[Opening SUPPLIED MATERIAL section]

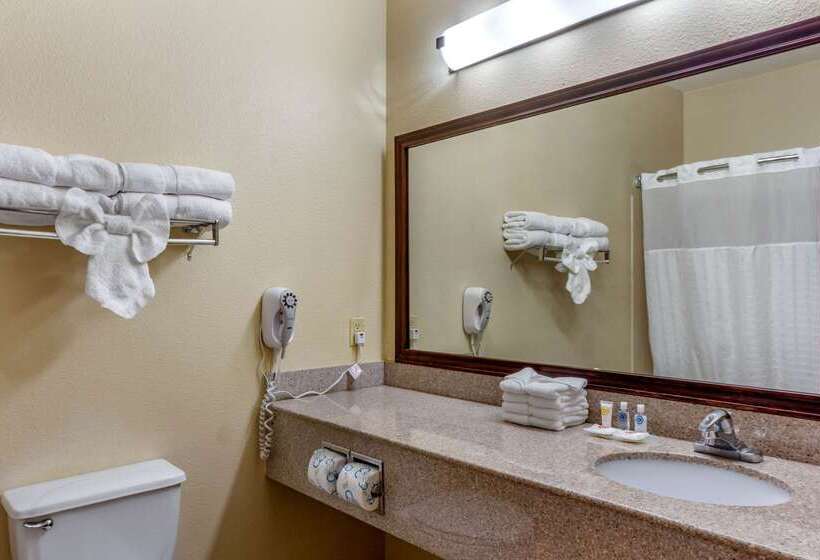 فندق Comfort Suites Plainview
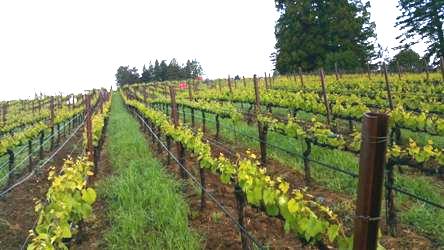 Vineyard Management Services 16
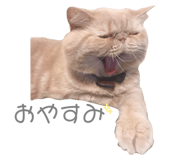 852089946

[Closing SUPPLIED MATERIAL section]

Set down the entire material verbatim, with each picture left out.

# [SOLUTION FOR THIS TASK]
 فندق Comfort Suites Plainview
 Vineyard Management Services 16
 852089946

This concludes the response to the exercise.